Friday, July 28, 2023

IS THE SKY CRACKING OPEN?


ARE THE GRAND CANYON’S TWO WORLDS JOINING?

WILL THE CANYON’S OWNERS DO A GROUP HUG?


Hopi, Havasupai, Hualapai, Navajo, Kaibab & San Juan bands of the Southern Paiute, and Colorado River Tribes leaders spoke at a joint press conference April 11 2023 supporting the Presidential proclamation of Baaj Nwaavjo I’tah Kukveni National Monument (bahj nuwavah Etahku’uvaini dulcemente).


U S Rep Raul Grijalva placed this revised proposal on the Washington agenda as the latest of his, the tribes’, and their allies, long-continuing effort to protect the Grand Canyon watershed and to ban and exclude any chance for more harm to the Canyon’s peoples from uranium and efforts to exploit it. Certainly, at a subsequent July 2023 hearing open to all comers, the overwhelming preponderance of people’s hopes and opinions supported Monument creation.

Wednesday, July 26, 2023

Grijalva's Monument: Protecting the Grand Canyon

March 28, 2009: Congressman Raul Grijalva (D-Ariz), chairs a hearing by the House of Representatives Committee on Natural Resources in Flagstaff. The subject: the 2008 rash of uranium speculation leading to feverish “prospecting” on public lands north and south of the Grand Canyon and its National Park.


Grijalva was then head of the Subcommittee on Parks, Forests, and Public Lands. Representing southern Arizona (former base of Stewart & Morris Udall, also environmentally aware on a national scale). Grijalva immersed himself deeply in issues before the Natural Resources Committee, and so was a legitimate leader who could speak out about the Grand Canyon, located in northern Arizona as it is. (Though the parochialism of "not in your district" seems a dubious objection given a national treasure, the Grand Canyon, a national resource, uranium, and international corporations, the miners.)


The hearing opened with panels of official representatives from the Navajo, Kaibab Paiute, Havasupai, Hualapai, and Hopi, all opposed to the prospecting.

 The Navajo have a large, difficult, and tragic history with uranium, including from the Lost Orphan mine on the South Rim. They had outlawed uranium mining activity in April 2005.

 The other tribal leaders spoke of uranium as a resource bringing too much danger, as well as the endless episodic seduction efforts by outsider miner/speculators—a kind of harassment given that most efforts are just for publicity. The Hualapai although they too have a mining ban, had recently been approached by mining speculators. They  reaffirmed their ban in September 2009.

 The Havasupai had had their own face-off with miners in the early 1990's; now the threat had revived.

 The Southern Paiute were witness to attempts in the upper Kanab area at making uranium pay, attempts that closed down but remain as scarring reminders.


Now, in 2023, after a decade-and-a-half of agitation, continuing lobbying, partial success and reversal, Representative Grijalva is once again leading a united and widely acclaimed effort for national protection in the Grand Canyon region.

Tribal leaders joined state lawmakers Tuesday, April 11 2023, calling on President Joe Biden to join nine previous Presidents acting on Grand Canyon’s behalf. The attempt this time would use the Antiquities Act to set aside more than 1.1 million acres around the Grand Canyon. (The map is on the next page.)

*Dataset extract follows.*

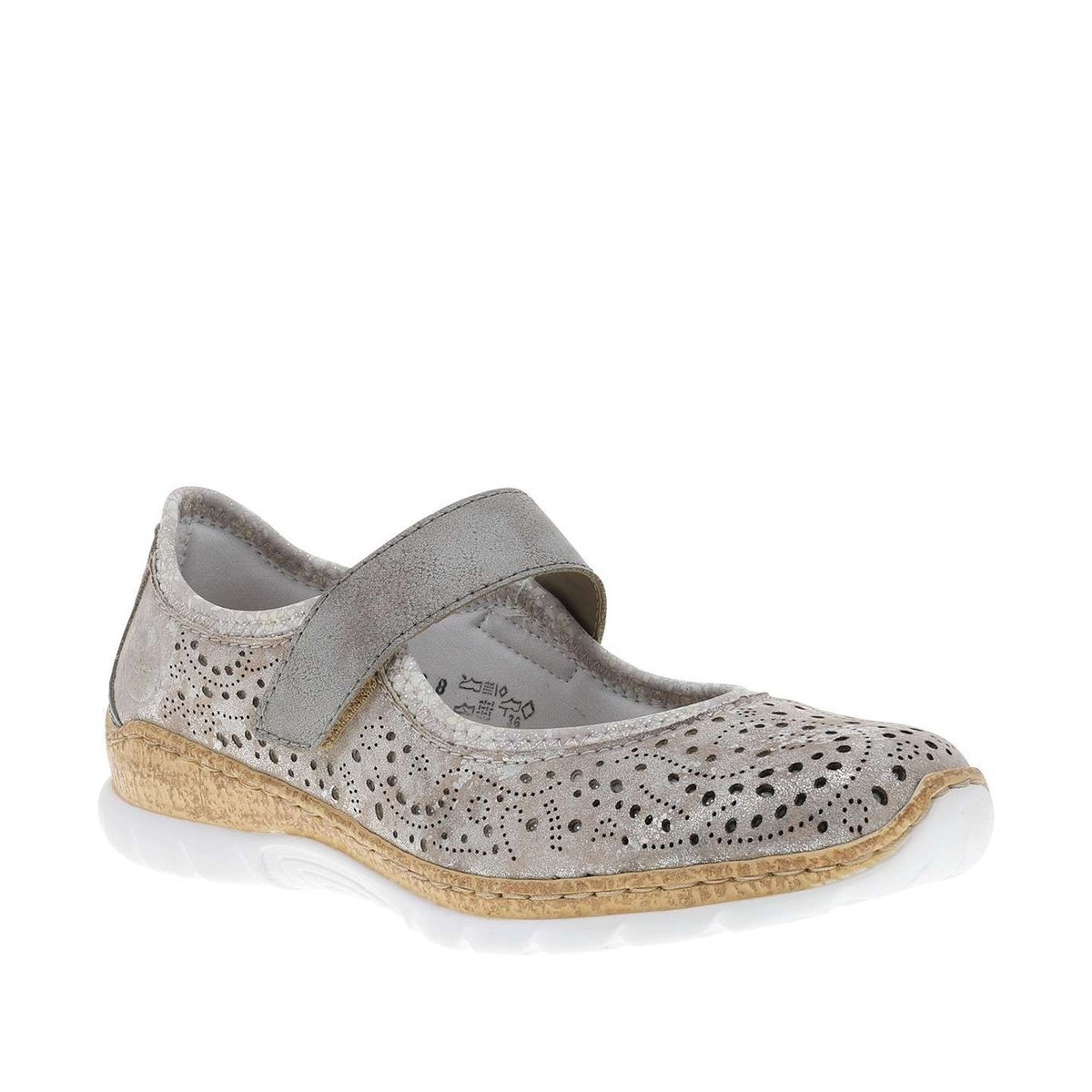 Ballerines grises à talon compensé bas avec une bande auto-agrippante gris, RIEKER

Environmental groups and a dozen tribes in the region say the proposed Baaj Nwaavjo I’tah Kukveni Grand Canyon National Monument is needed to protect the area’s water, wildlife, sacred spaces and ancestral homelands from uranium mining and other projects.

In an associated post, I have excerpted some of the local news reports on the tremendously well-attended meeting in Flagstaff on July 18 held by involved agencies. Since then news reports continue to demonstrate that this time may have the needed momentum of an environmentally friendly President.

Efforts to demonstrate the Grand Canyon’s magic continue. All are invited to join. Go on line and ask President Biden to add his name to the illustrious list of Grand Canyon’s protectors.

Some media reports of July hearing on Baaj Nwaavjo I’tah Kukveni Grand Canyon National Monument

 The Bureau of Land Management and the U.S. Forest Service have held a meeting on a proposed national monument near the Grand Canyon.

Among other things, the proposed 1.1 million-acre Baaj Nwaavjo I’tah Kukveni Grand Canyon National Monument would make permanent a 20-year moratorium on mining already in place for the area.

The name is made of Havasupai and Hopi phrases meaning, respectively, “where our ancestors roamed” and “our footsteps,” said Stuart L.T. Chavez, a former tribal council member for the Havasupai. The Havasupai is one of about a dozen tribes in a coalition pushing for the designation.

“It's not going to just be the Havasupai alone,” he said. “This is a protection for the environment for everyone to be conscientious about and understand that it's for their protection and the future generations’ protection.”

Chavez and others are especially concerned about uranium mining.